Saturday, April 16, 2022

For Monday: Binti: The Night Masquerade (Book 3), Chapters 1-3



NOTE: This is our last week of reading, so just hang in there and finish the book and you'll be done! Remember the paper assignment is posted below, and if you get stumped on what to write about, the reading/questions should help you! I'm designing them with the Final Project in mind. 

Answer TWO of the following:

Q1: How does the dream-vision of Kande (the Himba girl who first encountered the aliens) inform Binti's own situation in the present? Why is she almost another incarnation of Kande, in yet another cycle of "outsiders" forced inside? 

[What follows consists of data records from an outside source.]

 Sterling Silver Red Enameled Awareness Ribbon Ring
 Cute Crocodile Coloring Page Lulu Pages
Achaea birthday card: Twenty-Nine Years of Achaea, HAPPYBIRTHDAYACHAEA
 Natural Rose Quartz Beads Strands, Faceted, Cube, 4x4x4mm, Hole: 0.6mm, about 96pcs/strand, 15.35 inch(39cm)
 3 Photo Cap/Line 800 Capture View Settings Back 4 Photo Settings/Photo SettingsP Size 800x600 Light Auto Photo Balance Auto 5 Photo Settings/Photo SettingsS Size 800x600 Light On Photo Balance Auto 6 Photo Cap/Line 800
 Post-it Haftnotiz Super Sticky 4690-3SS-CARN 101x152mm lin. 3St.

Q2: There's a great passage early on in the book when Binti is told about the Icarus grasshoppers who jump into the flames, fly with burning wings until they fall off, recover, and then do it again. When she asks why they would do such a thing, Mwinyi responds, "It's how they were programmed by science, I guess," to which she responds, "But I'm sure they rationalize it somehow." How might this metaphor relate to certain habits of the Himba or even the Meduse? Or our own society?

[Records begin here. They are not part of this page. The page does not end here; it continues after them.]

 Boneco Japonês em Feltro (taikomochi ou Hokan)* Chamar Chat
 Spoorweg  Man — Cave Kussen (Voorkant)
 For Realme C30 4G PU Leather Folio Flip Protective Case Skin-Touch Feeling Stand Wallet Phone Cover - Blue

Q3: Why does everyone on both sides of the conflict--Khoush and Himba--insist on seeing Binta as the partner, or mate, of Okwu? Do they have that kind of relationship? Or is that simply the only way to explain/rationalize what they do have?

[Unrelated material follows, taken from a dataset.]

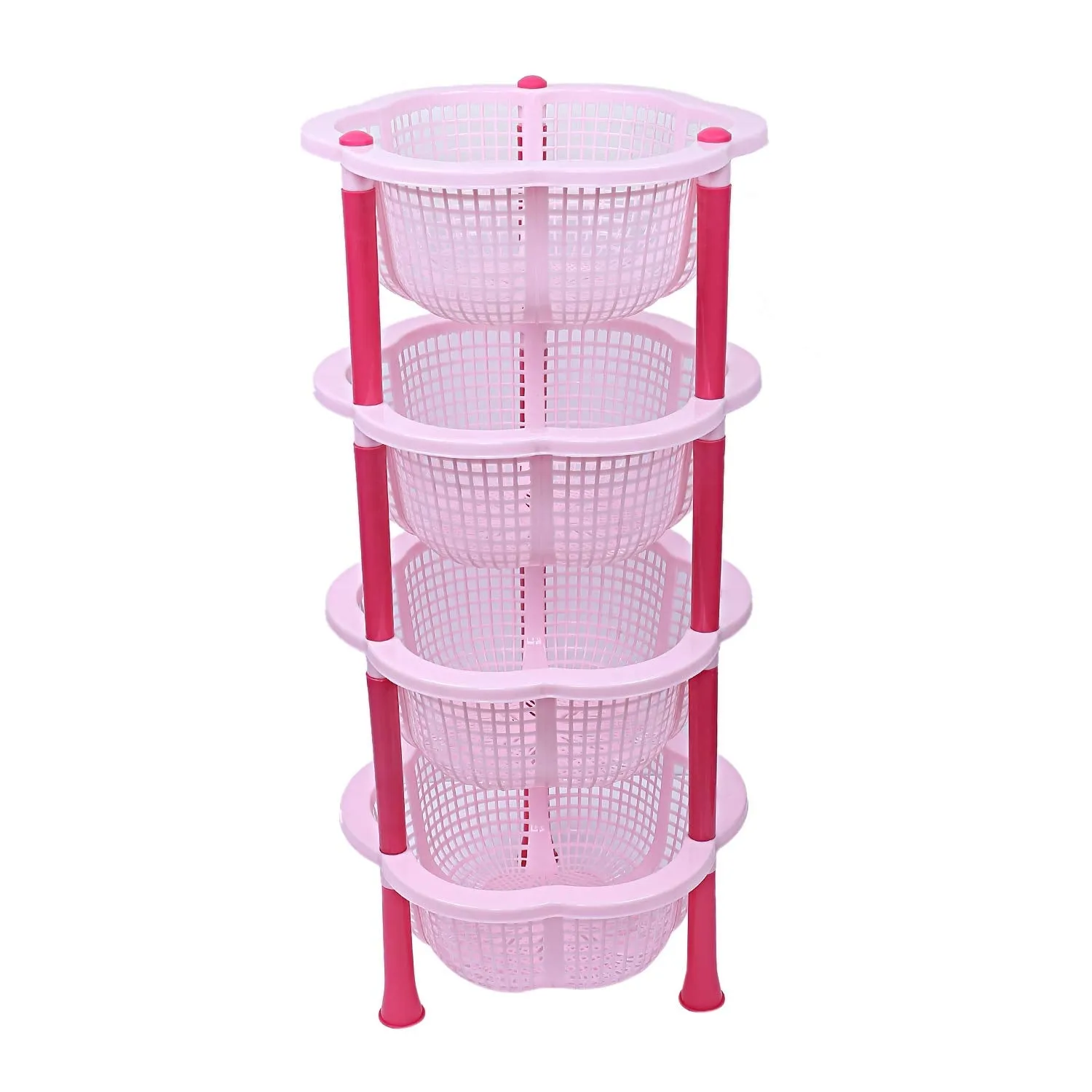 Kuber industries Plastic 2 Pieces 4 Layer Multi-Purpose Kitchen Storage Basket Rack (Pink)-CTKTC13217
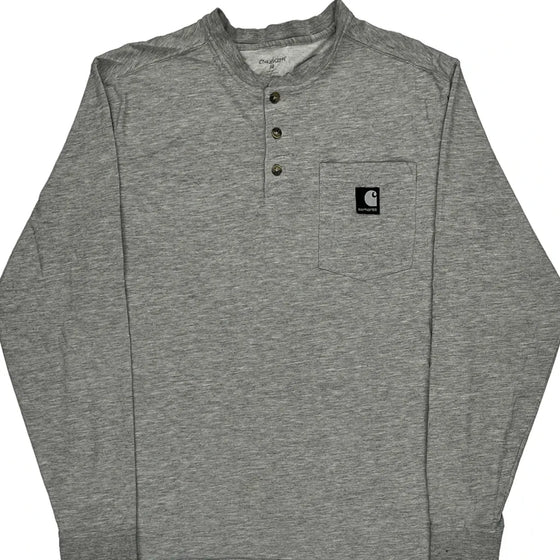 Carhartt Long Sleeve T-Shirt - Medium Grey Cotton Blend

Q4: When Binti is before the council of elders towards the end of the chapter, she explains that she never intended to run away from home, but instead, "I wanted to add to it all...I need it all, you, school, space." Why can't the Himba accept that leaving home is an addition rather than a subtraction? And why, too, did they assume she would never come home? 

Thursday, April 14, 2022

Final Project Assignment: A Cultural Cyborg


Final Project: A Cultural Cyborg

INTRO: In Binti, Binti has her native hair replaced with the okuoko, which are prehensile tentacles which allow her to not only speak with (and for) the Meduse, but change how others see her and how she sees herself. Soon after, she realizes that she is also Enyi Zinariya, a race with alien technology in their blood. She now has to confront difficult questions of identity, rather than accepting herself as a single, static being: I was Himba, a master harmonizer. Then I was also Meduse, anger vibrating in my okuoko. Now I was also Enyi Zinairya, of the Desert People gifted with alien technology. I was worlds. But some only see the drawbacks of the complexity, as her brother says, “You’re polluted…What man will marry you? What kind of children will you have now?” 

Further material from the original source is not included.